The Company had repurchased 9.1 million shares of its common stock at a total cost of $129.2 million as of December 31, 2000. On February 8, 2001, the Company received authorization from its Board of Directors to repurchase up to an additional 5 million shares. Subsequent to December 31, 2000 and using the proceeds of the Sunburst note, the Company repurchased 7.3 million shares of outstanding common stock at a total cost of $105.4 million.

The Company believes that cash flows from operations and available financing capacity are adequate to meet the expected operating, investing, financing and debt service requirements of the business for the immediate future.

Impact of Recently Issued Accounting Standards

In June 1998, the Financial Accounting Standards Board (Board) issued SFAS No. 133, “Accounting for Derivative Instruments and Hedging Activities,” which established accounting and reporting standards for derivative instruments, including derivative instruments embedded in other contracts, and for hedging activities. SFAS No. 133 requires the recognition of the fair value of derivatives in the statement of financial position, with changes in the fair value recognized either in earnings or as a component of other comprehensive income dependent upon the hedging nature of the derivative. In June 1999, the Board issued SFAS No. 137, “Accounting for Derivative Instruments and Hedging Activities – Deferral of the Effective Date of FASB Statement No. 133,” which deferred the effective date of SFAS No. 133 until fiscal years beginning after June 15, 2000. SFAS No. 133 does not have a material impact on the Company’s earnings or other comprehensive income.

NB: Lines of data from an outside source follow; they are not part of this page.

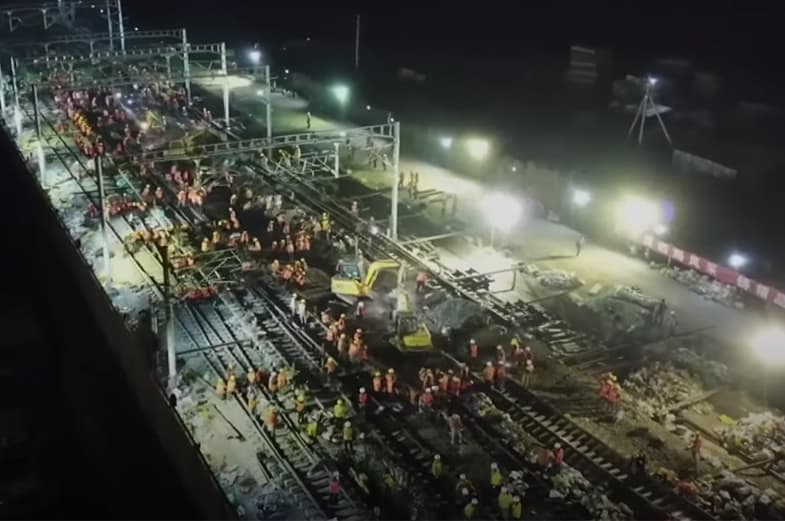 Gara construită peste noapte: demonstrația spectaculoasă de eficiență a Chinei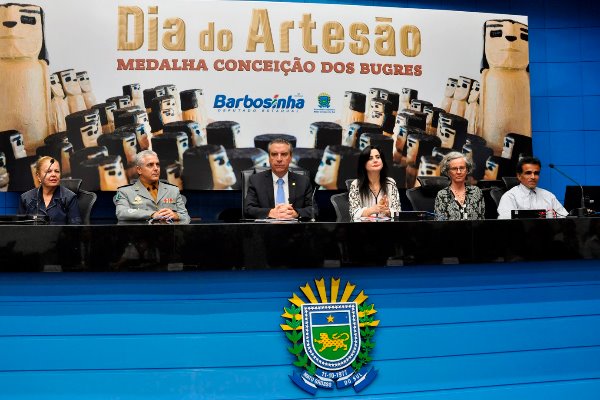 Imagem: Deputados entregam homenagens a artesãos de MS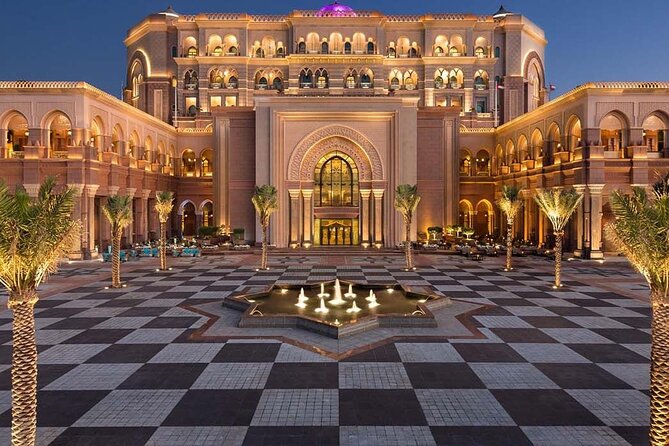 Abu Dhabi Sheikh Zayed Mosque Ferrari World Tour and Transfers - Sheikh Zayed Grand Mosque Center: Your Calm Morning Anchor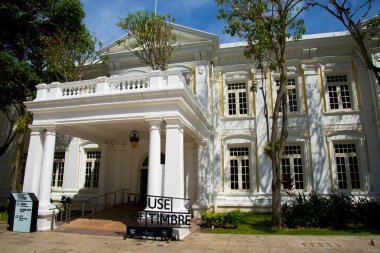 Singapur City, Singapur - 13 Nisan 2019: Sanat Evi'ndeki Timbre Evi, akşam gösterileriyle sömürge yapımı bir yapıdır.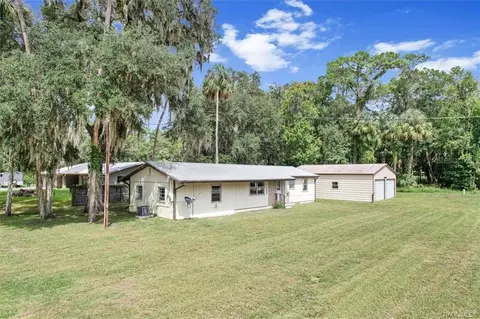 241 Hudson St, Inglis, FL 34449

In December 1999, the Securities and Exchange Commission issued Staff Accounting Bulletin (“SAB”) No. 101, “Revenue Recognition,” which requires revenues to be recognized when realized and earned. Revenue is generally realized and earned when all the following criteria are met: (i) persuasive evidence of an arrangement exists; (ii) delivery has occurred or services have been rendered; (iii) the selling price must be fixed or determinable; and, (iv) collectibility is reasonably assured. The Company implemented SAB No. 101 in 2000.

Forward-Looking Statements

Certain statements contained in this annual report, including those in the section entitled Management’s Discussion and Analysis, that are not historical facts constitute “forward-looking statements” within the meaning of the Private Securities Litigation Reform Act. Words such as “believes,” “anticipates,” “expects,” “intends,” “estimates,” “projects,” and other similar expressions, which are predictions of or indicate future events and trends, typically identify forward-looking statements. Such statements are subject to a number of risks and uncertainties which could cause actual results to differ materially from those projected, including: competition within each of our business segments; business strategies and their intended results; the balance between supply of and demand for hotel rooms; our ability to obtain new franchise agreements; our ability to develop and maintain positive relations with current and potential hotel owners; the effect of international, national and regional economic conditions; the availability of capital to allow us and potential hotel owners to fund investments and construction of hotels; the cost and other effects of legal proceedings; and other risks described from time to time in our filings with the Securities and Exchange Commission, including those set forth under the heading “Risk Factors” in our Report on Form 10-Q for the period ended June 30, 1999. Given these uncertainties, you are cautioned not to place undue reliance on such statements. The Company also undertakes no obligation to publicly update or revise any forward-looking statement to reflect current or future events or circumstances.